Last year, as the pandemic raged in New York City and sirens filled the air, a group of young travel nurses arrived to assist weary long-term care teams. They took over nursing stations that had been depleted due to positive COVID tests and allowed healthy staffers working doubles to get some rest. They gave us hope that after being ignored in the COVID-19 war zone, we were finally getting help.
There may not be sirens blaring outside today, but the need for staff reinforcements is even more dire now.
The current alarm bells are headlines about facilities closing or limiting admissions due to lack of staff, the McKnight’sMood of the Market Survey results showing that directors of nursing and administrators would rather have more employees than more money, an AHCA/NCAL survey indicating that just 1% of nursing homes are fully staffed, and the level of burnout being experienced at all levels of the field.

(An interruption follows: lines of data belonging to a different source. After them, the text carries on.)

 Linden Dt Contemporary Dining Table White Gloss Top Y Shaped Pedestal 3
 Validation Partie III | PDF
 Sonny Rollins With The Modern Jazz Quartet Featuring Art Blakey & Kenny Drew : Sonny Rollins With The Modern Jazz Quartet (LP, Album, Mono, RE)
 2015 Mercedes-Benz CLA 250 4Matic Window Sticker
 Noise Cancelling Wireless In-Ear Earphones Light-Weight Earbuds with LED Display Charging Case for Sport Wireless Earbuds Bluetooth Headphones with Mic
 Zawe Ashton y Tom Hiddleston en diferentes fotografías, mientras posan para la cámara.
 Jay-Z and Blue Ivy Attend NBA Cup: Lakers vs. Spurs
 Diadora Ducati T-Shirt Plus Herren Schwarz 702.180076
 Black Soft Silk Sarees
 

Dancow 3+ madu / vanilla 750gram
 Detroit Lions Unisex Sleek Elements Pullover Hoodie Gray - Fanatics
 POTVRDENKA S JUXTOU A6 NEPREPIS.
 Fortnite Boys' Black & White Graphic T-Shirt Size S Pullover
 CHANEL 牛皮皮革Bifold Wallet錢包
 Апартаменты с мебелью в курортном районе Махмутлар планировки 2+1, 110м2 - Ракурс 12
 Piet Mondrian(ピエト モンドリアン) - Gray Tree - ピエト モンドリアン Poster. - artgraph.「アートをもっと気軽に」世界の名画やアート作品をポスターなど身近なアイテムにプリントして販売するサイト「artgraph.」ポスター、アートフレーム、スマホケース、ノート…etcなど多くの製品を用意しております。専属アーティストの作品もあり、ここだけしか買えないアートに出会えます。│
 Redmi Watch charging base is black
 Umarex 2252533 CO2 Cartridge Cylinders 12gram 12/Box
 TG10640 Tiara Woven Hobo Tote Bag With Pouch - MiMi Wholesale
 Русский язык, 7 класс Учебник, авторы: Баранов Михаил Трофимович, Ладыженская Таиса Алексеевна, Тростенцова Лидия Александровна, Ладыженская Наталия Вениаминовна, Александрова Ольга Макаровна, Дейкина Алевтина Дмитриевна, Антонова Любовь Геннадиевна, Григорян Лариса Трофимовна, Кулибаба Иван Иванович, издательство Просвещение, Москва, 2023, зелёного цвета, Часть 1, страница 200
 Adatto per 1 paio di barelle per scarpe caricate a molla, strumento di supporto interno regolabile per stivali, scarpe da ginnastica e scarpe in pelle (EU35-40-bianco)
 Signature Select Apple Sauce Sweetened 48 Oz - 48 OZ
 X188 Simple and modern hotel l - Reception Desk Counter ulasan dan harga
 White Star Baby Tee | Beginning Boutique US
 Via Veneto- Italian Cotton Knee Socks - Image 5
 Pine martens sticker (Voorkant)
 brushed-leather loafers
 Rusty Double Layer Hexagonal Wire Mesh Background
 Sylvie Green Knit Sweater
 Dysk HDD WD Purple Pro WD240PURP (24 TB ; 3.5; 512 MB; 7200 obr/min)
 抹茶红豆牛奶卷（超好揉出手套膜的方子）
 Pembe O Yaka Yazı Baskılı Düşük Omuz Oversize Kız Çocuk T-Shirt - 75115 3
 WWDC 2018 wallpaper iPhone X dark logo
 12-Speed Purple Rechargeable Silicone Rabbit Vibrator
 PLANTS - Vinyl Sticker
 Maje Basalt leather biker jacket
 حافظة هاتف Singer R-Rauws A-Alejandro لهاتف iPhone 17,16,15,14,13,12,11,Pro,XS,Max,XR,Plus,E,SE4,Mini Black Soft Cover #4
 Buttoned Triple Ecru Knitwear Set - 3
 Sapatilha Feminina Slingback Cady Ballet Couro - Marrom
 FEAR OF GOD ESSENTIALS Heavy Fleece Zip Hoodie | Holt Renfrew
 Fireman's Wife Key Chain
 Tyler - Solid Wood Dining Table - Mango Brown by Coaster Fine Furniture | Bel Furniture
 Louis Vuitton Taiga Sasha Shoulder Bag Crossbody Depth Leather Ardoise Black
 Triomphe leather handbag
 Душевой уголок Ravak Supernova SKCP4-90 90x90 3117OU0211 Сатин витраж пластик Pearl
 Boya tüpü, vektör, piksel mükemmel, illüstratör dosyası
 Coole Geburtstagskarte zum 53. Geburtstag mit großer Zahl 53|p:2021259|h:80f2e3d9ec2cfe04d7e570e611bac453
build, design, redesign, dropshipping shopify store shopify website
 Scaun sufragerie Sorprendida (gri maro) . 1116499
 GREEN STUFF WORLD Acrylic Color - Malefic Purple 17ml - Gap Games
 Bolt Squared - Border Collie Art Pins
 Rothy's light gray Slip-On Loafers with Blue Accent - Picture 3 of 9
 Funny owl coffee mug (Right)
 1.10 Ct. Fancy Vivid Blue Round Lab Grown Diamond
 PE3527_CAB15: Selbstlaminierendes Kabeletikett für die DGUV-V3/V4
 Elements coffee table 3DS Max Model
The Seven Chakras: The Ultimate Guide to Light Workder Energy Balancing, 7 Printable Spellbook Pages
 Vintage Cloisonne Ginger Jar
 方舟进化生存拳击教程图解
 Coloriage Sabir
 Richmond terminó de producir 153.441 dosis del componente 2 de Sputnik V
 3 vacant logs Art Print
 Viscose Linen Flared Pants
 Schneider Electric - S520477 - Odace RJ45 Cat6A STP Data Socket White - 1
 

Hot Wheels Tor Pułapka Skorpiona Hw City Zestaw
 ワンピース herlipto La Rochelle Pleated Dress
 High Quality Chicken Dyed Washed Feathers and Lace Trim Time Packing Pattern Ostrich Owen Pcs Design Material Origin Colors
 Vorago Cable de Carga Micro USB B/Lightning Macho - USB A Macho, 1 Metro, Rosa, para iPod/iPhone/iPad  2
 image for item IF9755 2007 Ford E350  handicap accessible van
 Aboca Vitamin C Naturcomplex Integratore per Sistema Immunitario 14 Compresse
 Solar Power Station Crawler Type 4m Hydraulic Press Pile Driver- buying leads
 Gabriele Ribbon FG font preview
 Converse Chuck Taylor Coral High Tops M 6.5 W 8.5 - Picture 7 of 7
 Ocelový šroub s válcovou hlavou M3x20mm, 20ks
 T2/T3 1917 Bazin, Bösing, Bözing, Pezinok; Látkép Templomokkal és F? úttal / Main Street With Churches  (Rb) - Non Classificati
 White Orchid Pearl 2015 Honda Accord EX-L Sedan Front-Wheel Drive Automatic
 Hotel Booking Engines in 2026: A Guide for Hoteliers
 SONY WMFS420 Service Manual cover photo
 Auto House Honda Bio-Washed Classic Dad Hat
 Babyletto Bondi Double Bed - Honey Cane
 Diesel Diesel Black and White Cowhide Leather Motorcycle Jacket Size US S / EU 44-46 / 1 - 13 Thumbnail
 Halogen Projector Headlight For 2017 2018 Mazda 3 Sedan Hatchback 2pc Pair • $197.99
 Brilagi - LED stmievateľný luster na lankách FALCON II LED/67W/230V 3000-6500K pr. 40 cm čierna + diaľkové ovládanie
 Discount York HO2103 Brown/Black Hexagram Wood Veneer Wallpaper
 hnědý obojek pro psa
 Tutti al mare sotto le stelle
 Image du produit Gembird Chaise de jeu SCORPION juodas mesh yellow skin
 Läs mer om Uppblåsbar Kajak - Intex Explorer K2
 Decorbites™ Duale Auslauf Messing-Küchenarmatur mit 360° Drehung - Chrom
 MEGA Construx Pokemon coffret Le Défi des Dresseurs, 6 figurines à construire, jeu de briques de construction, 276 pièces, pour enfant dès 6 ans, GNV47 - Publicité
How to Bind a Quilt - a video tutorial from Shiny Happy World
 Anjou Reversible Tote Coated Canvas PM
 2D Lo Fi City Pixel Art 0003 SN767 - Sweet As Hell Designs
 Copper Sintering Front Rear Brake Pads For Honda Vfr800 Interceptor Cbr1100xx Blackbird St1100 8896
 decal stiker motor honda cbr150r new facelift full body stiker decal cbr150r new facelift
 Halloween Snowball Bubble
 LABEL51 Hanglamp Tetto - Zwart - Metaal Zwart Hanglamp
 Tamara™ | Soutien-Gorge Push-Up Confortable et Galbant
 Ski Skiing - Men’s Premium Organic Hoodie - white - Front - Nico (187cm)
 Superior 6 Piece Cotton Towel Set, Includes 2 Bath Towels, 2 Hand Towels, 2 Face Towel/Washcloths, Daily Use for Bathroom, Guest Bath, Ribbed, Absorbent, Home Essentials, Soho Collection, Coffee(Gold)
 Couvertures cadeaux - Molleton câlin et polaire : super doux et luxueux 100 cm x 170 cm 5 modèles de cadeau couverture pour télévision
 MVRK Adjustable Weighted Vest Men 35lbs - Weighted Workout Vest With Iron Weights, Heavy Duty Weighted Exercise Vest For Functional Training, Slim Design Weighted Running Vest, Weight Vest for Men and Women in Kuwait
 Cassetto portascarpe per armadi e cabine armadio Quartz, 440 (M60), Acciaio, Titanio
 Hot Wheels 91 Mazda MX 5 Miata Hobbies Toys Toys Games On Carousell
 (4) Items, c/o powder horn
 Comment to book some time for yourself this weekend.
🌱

Less visible alarms are the quiet complaints of exhausted workers telling their colleagues that “it’s too much,” the incessant ring of unanswered call bells and the flashing message lights of family phone calls that go unreturned.
The reality of the current short-staffing is probably even worse than the data indicate, due to an increase in acuity of the residents, greater numbers of residents with serious mental health problems and the level of burnout among workers who have been subject to cascading collective trauma due to COVID-19.
Nursing homes need immediate “boots on the ground” to ease the situation, followed by further steps to ensure adequate staffing.
Increasing the number of workers costs money, but there are costs to failing to increase the number of workers.